The burning of leaves has been prohibited statewide since 1995. The purpose of the prohibition is to lower your exposure to toxic and cancer-causing chemicals. The burning of leaves produces a considerable amount of airborne particulate matter, carbon monoxide, and at least seven known carcinogens. One of the most notorious carcinogens is benz[a]pyrene, a polyaromatic hydrocarbon. Benz[a]pyrene is believed to be a major factor in lung cancer caused by cigarette smoke. It is also formed when leaves are burned. Like the secondhand smoke from cigarettes, benz[a]pyrene from leaf burning endangers us all.

What is particulate matter, and why is it a health concern?

The visible smoke from leaf burning is composed of tiny particles that contain toxic pollutants. If inhaled, these microscopic particles can reach deep into the lungs and remain there for months or even years. Breathing particulate matter increases the chances of respiratory infection, and causes other problems such as coughing, wheezing, chest pain, and shortness of breath. Particulate matter can also trigger asthma attacks in some people.

What is carbon monoxide, and what are its health effects?

Carbon monoxide is a colorless, odorless gas which prevents oxygen from being absorbed by the blood and lungs. Carbon monoxide can be especially dangerous for young children with immature lungs, the elderly, and people with chronic heart conditions or lung diseases.

What should I do with household trash, garbage and leaves?

  • Recycle glass, plastics, aluminum, used motor oil, and other recyclable materials at the recycle igloos nearest you. Take your non-recyclable trash to a licensed landfill.
  • Compost.  Start a compost pile. You can compost most organic material including leaves, grass clippings and vegetables, etc.

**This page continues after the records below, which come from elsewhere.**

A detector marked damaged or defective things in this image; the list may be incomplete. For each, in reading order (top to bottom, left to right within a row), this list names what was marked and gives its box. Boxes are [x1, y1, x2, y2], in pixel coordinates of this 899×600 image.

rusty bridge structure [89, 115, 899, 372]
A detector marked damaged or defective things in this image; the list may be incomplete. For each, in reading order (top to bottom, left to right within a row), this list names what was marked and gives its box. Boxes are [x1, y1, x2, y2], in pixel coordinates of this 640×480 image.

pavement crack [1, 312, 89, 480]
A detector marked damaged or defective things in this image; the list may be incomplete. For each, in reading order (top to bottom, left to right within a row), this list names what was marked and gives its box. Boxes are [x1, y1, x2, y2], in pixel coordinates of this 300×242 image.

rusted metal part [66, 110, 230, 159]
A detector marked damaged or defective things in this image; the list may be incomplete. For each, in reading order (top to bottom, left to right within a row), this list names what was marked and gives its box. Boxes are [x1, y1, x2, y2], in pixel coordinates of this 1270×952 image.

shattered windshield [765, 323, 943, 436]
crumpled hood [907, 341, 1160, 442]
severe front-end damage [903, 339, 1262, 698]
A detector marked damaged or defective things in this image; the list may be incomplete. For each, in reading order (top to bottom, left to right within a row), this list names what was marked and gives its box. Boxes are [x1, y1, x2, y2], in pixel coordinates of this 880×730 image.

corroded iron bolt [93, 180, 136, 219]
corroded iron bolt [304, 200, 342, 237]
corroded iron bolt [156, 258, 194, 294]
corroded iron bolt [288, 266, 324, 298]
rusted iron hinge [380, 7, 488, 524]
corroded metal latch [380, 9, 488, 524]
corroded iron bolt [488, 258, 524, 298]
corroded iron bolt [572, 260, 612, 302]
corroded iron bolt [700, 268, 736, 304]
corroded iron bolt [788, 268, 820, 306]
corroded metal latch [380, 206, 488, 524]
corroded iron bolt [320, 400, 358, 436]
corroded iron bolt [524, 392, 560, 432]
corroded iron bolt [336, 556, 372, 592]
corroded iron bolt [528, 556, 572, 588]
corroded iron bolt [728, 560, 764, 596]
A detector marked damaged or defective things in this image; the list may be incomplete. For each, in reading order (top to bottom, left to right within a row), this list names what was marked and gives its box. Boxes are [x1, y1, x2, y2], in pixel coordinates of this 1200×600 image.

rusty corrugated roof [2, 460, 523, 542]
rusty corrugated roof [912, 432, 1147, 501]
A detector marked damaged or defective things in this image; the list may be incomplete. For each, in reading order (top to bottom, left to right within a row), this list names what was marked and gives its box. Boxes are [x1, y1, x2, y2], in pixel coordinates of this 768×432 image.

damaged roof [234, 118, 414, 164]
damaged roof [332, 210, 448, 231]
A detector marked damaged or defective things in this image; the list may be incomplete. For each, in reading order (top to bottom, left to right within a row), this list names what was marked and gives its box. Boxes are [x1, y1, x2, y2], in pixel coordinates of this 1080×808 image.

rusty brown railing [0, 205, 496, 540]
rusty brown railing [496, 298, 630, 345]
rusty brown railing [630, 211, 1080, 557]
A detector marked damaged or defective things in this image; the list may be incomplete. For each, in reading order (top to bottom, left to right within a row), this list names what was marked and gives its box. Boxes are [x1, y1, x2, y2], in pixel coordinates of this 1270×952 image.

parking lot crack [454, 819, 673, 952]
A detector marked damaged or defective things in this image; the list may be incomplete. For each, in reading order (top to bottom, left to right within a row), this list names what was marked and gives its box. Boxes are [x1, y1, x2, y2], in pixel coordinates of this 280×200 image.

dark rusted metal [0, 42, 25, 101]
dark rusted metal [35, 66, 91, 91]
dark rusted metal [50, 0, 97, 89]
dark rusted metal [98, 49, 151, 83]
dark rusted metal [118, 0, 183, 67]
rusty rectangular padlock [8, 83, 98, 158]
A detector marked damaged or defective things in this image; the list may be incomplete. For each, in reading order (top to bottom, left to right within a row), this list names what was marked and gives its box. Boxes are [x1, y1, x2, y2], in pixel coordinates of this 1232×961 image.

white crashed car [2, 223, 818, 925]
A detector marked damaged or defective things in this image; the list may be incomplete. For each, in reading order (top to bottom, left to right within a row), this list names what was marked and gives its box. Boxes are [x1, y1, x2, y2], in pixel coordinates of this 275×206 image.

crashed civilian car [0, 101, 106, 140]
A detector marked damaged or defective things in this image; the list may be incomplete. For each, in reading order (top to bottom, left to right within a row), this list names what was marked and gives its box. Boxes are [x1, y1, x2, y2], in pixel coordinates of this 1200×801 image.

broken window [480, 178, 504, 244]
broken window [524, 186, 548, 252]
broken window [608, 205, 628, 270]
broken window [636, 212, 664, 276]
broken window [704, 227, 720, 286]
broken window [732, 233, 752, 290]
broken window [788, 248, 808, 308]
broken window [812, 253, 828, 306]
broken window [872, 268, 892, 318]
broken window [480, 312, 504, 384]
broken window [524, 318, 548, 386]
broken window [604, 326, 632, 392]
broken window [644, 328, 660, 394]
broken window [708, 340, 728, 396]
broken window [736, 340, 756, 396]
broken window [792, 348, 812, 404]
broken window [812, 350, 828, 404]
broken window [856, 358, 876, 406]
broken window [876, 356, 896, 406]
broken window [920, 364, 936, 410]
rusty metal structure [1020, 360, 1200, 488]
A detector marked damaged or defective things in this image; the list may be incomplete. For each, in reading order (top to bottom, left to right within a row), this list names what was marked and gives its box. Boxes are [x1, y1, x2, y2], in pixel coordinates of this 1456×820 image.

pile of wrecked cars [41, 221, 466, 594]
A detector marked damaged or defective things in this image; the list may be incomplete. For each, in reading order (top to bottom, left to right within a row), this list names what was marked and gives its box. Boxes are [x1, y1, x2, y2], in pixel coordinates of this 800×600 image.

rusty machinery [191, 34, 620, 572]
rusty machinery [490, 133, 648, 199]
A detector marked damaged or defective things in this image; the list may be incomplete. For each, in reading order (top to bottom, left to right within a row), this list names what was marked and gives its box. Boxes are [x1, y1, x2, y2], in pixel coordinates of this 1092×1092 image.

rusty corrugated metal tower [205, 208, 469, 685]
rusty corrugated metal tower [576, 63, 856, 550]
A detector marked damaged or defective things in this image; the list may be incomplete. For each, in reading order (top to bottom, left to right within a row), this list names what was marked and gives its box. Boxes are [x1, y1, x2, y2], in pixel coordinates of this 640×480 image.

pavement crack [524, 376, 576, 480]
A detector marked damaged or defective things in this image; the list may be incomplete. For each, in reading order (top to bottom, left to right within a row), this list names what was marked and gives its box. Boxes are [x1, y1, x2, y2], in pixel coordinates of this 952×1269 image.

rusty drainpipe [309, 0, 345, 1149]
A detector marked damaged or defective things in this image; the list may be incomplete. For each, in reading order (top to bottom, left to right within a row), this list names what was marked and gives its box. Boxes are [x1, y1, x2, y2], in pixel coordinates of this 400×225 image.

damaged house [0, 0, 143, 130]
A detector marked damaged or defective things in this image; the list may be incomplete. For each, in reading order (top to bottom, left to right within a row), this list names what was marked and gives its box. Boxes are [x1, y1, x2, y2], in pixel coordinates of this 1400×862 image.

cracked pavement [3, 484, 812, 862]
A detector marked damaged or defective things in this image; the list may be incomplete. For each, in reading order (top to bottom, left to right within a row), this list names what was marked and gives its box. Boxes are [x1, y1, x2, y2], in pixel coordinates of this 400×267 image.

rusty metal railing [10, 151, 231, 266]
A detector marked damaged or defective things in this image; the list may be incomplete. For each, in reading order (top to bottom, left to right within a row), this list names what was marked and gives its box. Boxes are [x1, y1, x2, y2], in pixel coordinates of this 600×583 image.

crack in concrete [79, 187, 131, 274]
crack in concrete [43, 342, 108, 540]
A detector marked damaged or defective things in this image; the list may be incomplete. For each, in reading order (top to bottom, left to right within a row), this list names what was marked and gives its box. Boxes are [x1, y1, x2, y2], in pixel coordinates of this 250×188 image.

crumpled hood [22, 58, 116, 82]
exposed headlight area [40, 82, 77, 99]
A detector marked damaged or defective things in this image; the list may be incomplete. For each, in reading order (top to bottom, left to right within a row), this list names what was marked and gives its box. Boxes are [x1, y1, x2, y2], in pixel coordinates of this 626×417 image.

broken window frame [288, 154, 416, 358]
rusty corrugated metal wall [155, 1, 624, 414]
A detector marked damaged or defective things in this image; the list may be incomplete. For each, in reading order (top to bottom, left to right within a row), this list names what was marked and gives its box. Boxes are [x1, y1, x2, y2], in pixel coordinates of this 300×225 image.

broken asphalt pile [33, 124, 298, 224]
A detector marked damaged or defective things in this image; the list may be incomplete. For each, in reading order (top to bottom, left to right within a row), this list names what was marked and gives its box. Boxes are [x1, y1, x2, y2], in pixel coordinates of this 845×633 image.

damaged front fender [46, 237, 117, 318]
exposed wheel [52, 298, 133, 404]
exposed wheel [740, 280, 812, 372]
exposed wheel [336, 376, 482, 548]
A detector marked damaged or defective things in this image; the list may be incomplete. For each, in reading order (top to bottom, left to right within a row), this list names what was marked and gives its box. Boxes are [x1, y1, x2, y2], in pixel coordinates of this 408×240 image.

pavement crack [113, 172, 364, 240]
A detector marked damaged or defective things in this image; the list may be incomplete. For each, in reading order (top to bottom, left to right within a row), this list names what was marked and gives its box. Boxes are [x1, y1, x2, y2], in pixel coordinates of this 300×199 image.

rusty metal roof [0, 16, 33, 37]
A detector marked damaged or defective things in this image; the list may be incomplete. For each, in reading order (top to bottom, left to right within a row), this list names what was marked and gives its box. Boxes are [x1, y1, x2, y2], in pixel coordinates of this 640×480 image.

The compost will provide excellent nutrients for gardens.
  • See your community’s waste hauler or town manager about leaf collection, if you can't compost them.

No Open BurningMy neighbors burn trash in barrels regularly. Should it continue unreported?

To repeat: Burning trash in burn barrels is illegal. Since 1968, Delaware has prohibited the burning of trash by individual property owners, and by commercial, industrial, and governmental facilities. Since burn barrels operate at relatively low temperatures typically 400 to 500 degrees Fahrenheit inefficient combustion occurs. This leads to very high levels of particulate matter, carbon monoxide, and other toxic chemicals. Indeed, burning trash in burn barrels especially products such as plastics, rubber, and other synthetic materials generate extremely toxic air pollutants.

An EPA study has also shown that trash/garbage burning emits "furans" and other deadly chemicals (such as dioxin) and "heavy metals" including lead, cadmium, chromium, etc., some of which are known to cause structural damage in the heart and associated muscle tissue in both adults and fetuses.

So if you’re aware that neighbors, or anyone else in Delaware, is flouting the state’s open burning regulations, civic conscience calls for reporting them. Violators also will be targeted by DNREC’s Environmental Protection Officers. Penalties range from $50-$500, plus a possible criminal record with conviction. To report illegal burning, citizens can call the 24-hour Open Burning Hotline at 1-800-662-8802. Verizon cell phone customers can call toll-free #DNR.